Obey asked if the need to provide some vaccine free of thimerosal, a mercury-containing preservative, contributed to the vaccine delays. Thimerosal-free vaccine is produced in individual syringes; putting vaccine in multidose vials is faster but requires thimerosal.

Fauci said production of thimerosal-free vaccine probably contributed "a bit" to delays, but was not the major issue. "The fundamental basic problem is the virus not growing well," he said.

Lurie said one of the steps HHS has taken to speed production was to ask the manufacturers to shift production to multidose vials as much as possible.

She acknowledged that HHS so far has ordered the filling and finishing of only 117 million of the total 250 million doses of bulk vaccine it has contracted for. "This week we've issued orders for more vaccine [to be filled and finished] so we don't have a gap," she said. "That 117 million has taken us further into the year than we thought it would."
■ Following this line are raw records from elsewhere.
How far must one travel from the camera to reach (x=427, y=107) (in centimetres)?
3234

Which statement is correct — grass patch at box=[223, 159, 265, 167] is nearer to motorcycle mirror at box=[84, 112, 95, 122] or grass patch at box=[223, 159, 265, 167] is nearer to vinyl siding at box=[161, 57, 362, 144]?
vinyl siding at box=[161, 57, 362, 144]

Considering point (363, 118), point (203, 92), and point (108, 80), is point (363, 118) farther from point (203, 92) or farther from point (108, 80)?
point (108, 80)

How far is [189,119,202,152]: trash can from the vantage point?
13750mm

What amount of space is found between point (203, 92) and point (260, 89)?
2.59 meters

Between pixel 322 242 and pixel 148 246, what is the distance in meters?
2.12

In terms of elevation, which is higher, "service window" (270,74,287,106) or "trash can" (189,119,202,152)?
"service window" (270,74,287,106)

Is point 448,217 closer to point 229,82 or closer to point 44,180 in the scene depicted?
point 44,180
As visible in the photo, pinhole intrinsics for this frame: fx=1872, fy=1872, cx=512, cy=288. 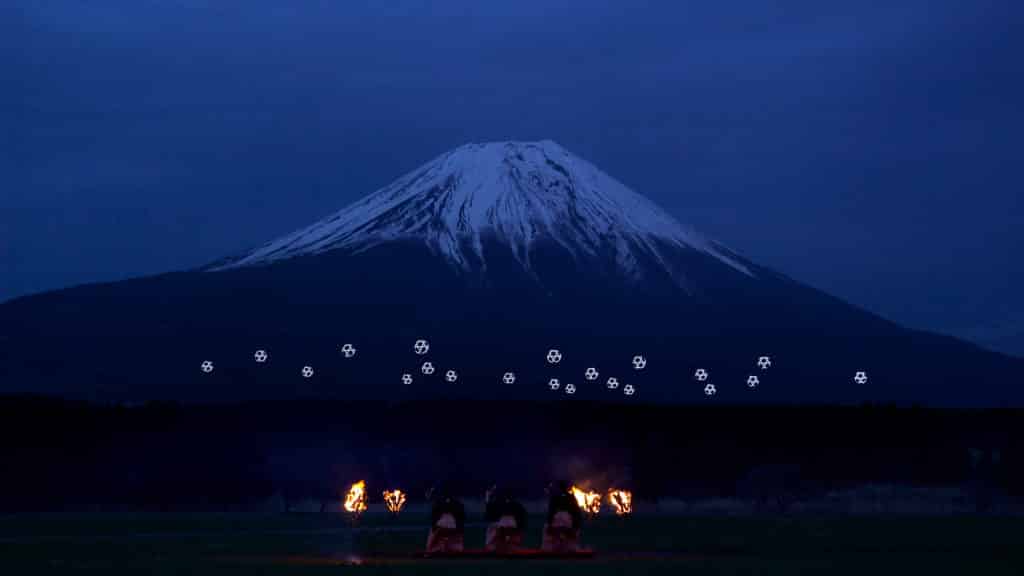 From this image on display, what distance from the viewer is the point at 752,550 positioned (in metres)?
62.8

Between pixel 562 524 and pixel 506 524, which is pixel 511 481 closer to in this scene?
pixel 506 524

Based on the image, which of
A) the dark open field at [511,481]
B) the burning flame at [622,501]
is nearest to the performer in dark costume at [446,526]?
the dark open field at [511,481]

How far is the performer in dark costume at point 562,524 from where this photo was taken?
5834 centimetres

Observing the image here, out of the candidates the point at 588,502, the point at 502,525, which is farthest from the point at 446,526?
the point at 588,502

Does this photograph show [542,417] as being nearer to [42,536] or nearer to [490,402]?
[490,402]

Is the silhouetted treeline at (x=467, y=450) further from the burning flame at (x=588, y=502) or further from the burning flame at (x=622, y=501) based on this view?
the burning flame at (x=588, y=502)

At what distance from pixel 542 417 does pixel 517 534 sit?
11711 centimetres

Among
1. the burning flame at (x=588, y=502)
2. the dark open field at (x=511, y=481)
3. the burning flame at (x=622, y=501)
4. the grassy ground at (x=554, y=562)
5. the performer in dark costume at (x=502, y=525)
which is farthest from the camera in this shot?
the burning flame at (x=622, y=501)

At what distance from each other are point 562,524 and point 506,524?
186 centimetres

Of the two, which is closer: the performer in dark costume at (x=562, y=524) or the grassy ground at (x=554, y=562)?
the grassy ground at (x=554, y=562)

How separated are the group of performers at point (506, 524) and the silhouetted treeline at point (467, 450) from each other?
2144 inches

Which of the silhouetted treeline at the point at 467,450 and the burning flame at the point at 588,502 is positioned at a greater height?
the silhouetted treeline at the point at 467,450

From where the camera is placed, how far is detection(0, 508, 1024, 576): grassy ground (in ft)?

Lurie said the agency is using a staged approach to filling and finishing because it doesn't want to have a lot of leftover finished vaccine. "It's better to keep it in bulk form so it could be used in the seasonal campaign next year or could be used potentially in the developing world."

Fauci asserted that the vaccine makers are not to blame for the vaccine delays. "I don't want anyone to get the impression that it's the drug companies' fault this has happened," he said. "It's just the nature of the biology of the virus that it created an expectation that there'd be a certain amount."

The 'end game' for vaccine technology
Federal officials were questioned about the use of cell-based methods to make flu vaccines, as is now done to some extent in Europe. Cell-based production is considered more flexible and reliable and somewhat faster than the 1950s method of growing the vaccine virus in chicken eggs.

Lurie noted that a cell-based vaccine plant is being built by Novartis in North Carolina and is expected to be ready to start making vaccine in 2011. But how soon a cell-based flu vaccine will win Food and Drug Administration approval is uncertain, she added.

The Novartis plant "will get us a little shy of halfway to what our pandemic goal will be," to make enough vaccine for the entire population, she said.

Fauci said cell-based technology will be an improvement but is not the final answer to flu vaccine production problems. "We want to take vaccinology into the 21st century by not requiring the virus to grow. . . . The end game is to get away from requiring the virus to grow."

He said a number of newer approaches involve making particular viral proteins instead of growing the whole virus. One example is using baculovirus, an insect virus, to make the gene for hemagglutinin. He said one company is conducting phase 3 trials of a vaccine using that technique.

"What we're going to see over the next years is a gradual transition from egg-based [vaccine] to egg-based with cell-based to advanced molecular technology," Fauci predicted.

But the ultimate goal, he said, is to make a universal flu vaccine—one that targets a component of the flu virus that doesn't change from season to season. Such a vaccine could be made and stored in large quantities, and people wouldn't have to be vaccinated every year.

"That's the plan. That's going to take years," he said.